So when does it all change? When do we go from being young, carefree children filled with wonder and fascination with the world, to being boxed-in by what others think and tell us? When I was little my biggest concern was whether or not I’d get to buy the newest limited edition Pokemon cards!
But it does change. We begin to let our circumstances define our identity. We experience loved ones passing away; we get bullied at school; we get told, “You’re too fat to do this,” or, “You’re too skinny to do that.” We allow the labels put on us to actually become who we are.
What if I told you that that’s not who you are?
At fifteen, I was told by a loved one that I was too old to start acrobatics; that essentially I shouldn’t attempt one of my childhood dreams. The last thirteen years of free running, dance and movement have left me with some of the most beautiful God-given moments of my life: climbing to the top of many buildings with friends to watch the sun set over Oxford; dancing in a church with a group of my friends till the early hours of the morning; filming in Rotterdam with roads closed-off JUST so that I could run down them; attending movement workshops in Amsterdam with some of my best friends (being so tired that we fell asleep at the airport and missed our flight… it’s funny now). These are just a few of countless beautiful memories I’ve had, none of which would have happened if I’d believed the words that were spoken over me when I was just starting out.

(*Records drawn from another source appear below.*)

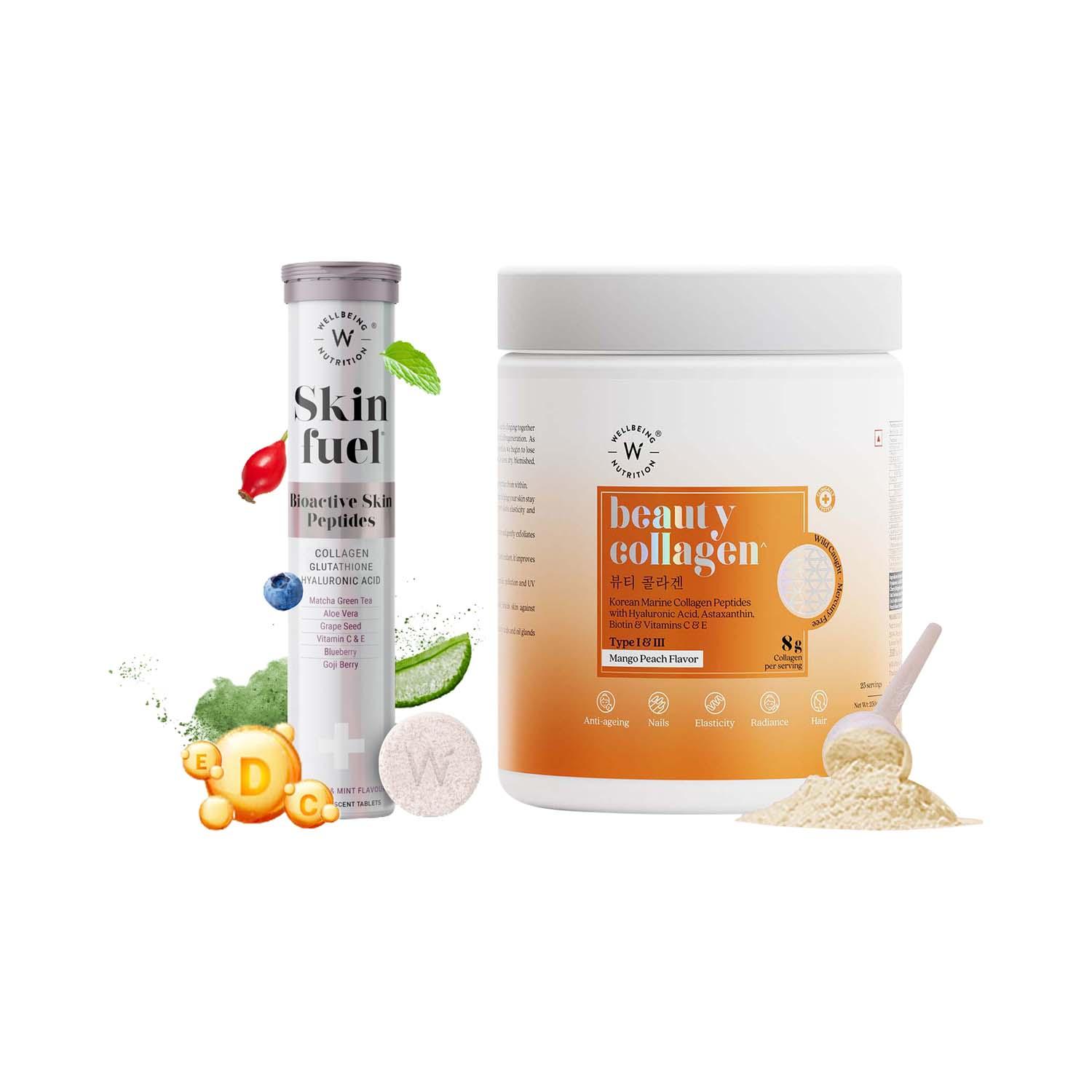Wellbeing Nutrition | Wellbeing Nutrition Pure Collagen & Glutathione Skin, Hair & Nails Combo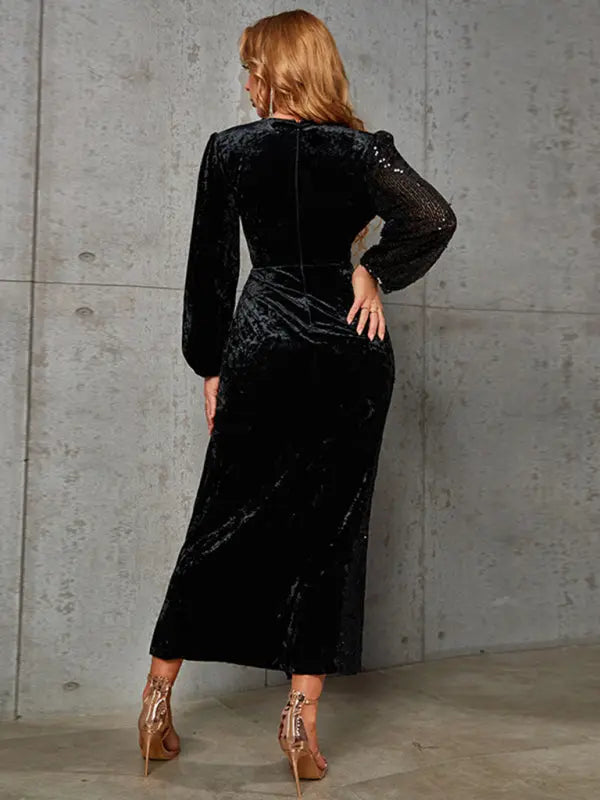 Sequined velvet patchwork high slit sexy evening dress KC Global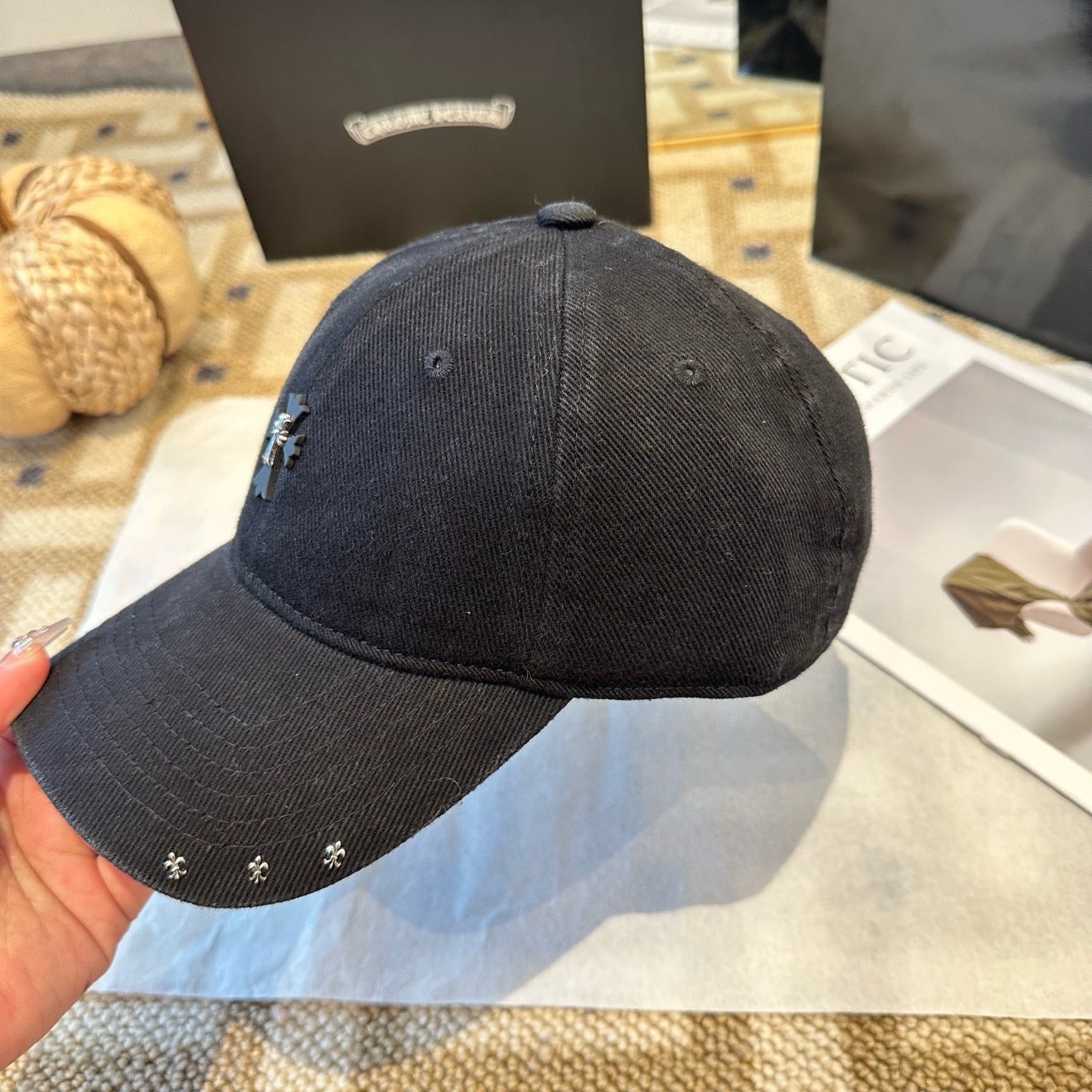 Cream, Black and Pink Cap - FashionHype.xyz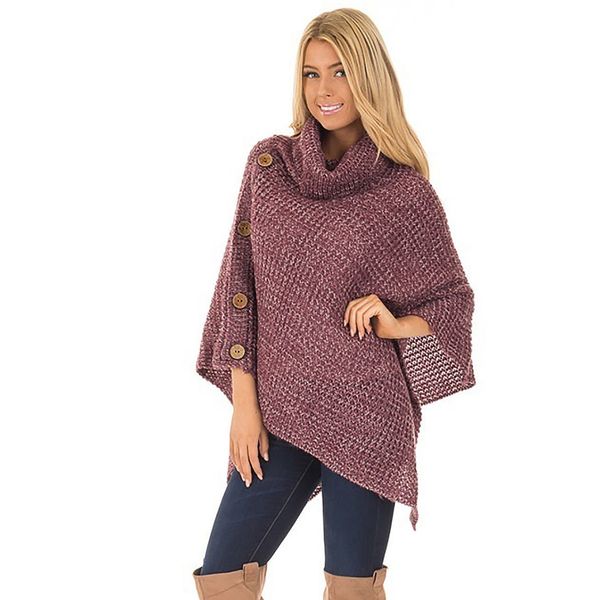 

turtleneck sweater cloaks women batwing sleeve knitted jumper poncho ladies button irregular pullover cape pull hiver femme, White;black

Which words have you allowed to define you or knock you off a childhood dream? And what have you locked away because it now seems too frivolous next to the demands of daily life? I can’t say I’ve kicked against everything that’s been spoken over me (yet) but one thing I have definitely held onto this whole time is my childlikeness; the permission to play. And that is part of what I want to encourage in others through these classes. It is possible to reach a high standard in something without losing the fun and playfulness you have when you start out. So whether you’ve always wanted to try new kinds of movement, or you’ve been doing it for years and it’s got stale (or anything in between), come along and see what we’re about.
And, classes aside, why not choose today which negative label you want to get rid of in your life? Think where you could be in a year’s time if you started now!
Have a beautiful day and know how loved you are!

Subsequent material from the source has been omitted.